The book's finale sees Blacksad cornering Jezabel after her husband's funeral, proving, through a matching birthmark, that she is Dinah's twin. Jezabel clears up the loose ends: her father was in fact Karup, who had abandoned her black, pregnant mother to die after being turned by the racist doctrines of the Oldsmill set. However, Jezabel's mother lived long enough to raise the twins, and, fueled by revenge, Jezabel ascended 'white society' under a false identity, eventually marrying Karup, but refusing him any intimacy (in a bizarrely platonic Electra complex). With Dinah hired as their maid, Jezabel seduced and manipulated Huk, using him to carry out the fake kidnapping, thus capitalising on the rumours of Karup's pædophilia. Huk also spontaneously murdered Dinah 'to make sure she kept her mouth shut'; and so in the aftermath of Karup's hanging, Jezabel in turn killed Huk by way of vengeance. The book concludes by highlighting Kyle's innocence and her ultimate abandonment, but her fate is not made clear.

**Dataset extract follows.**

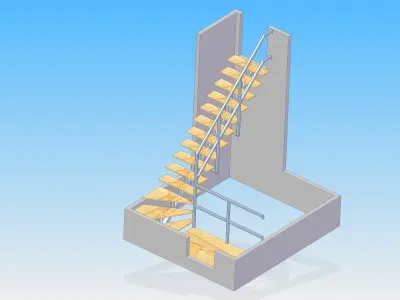 Simply stairs 2 Free 3D model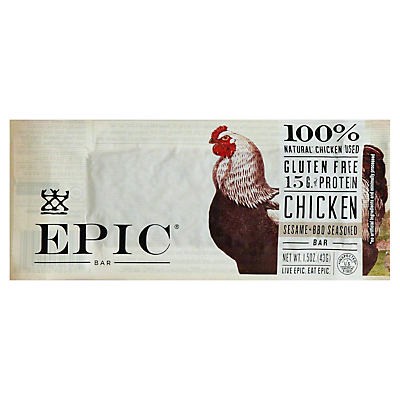 slide 1 of 6, Epic Chicken Sesame BBQ Bar, 1.5 oz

There are probably some discrepancies between publications. Cotten is also seen as Hewitt, Kayleigh as Kyle, and some versions of the book end with Blacksad scattering Cotten's (Hewitt's) ashes to the wind over Las Vegas, fulfilling his last wish.

[edit] Red Soul

Is based firmly shortly before the Red Scare, Blacksad is employed as a bodyguard for a rich old tortoise called Hewitt Mandeline, who goes on a gambling trip to Las Vegas. After returning home, Blacksad's last assignment is to accompany him to an art gallery, where he meets his friend Smirnov with his family. He finds a leaflet for An Energy for Peace, a lecture given by his old school teacher, Otto Liebber (an owl) a nuclear physician and Nobel Prize candidate, supported by the rich, young, dynamic, idle communist Samuel Gotfield (a dalmatian) and his titular scientific research foundation.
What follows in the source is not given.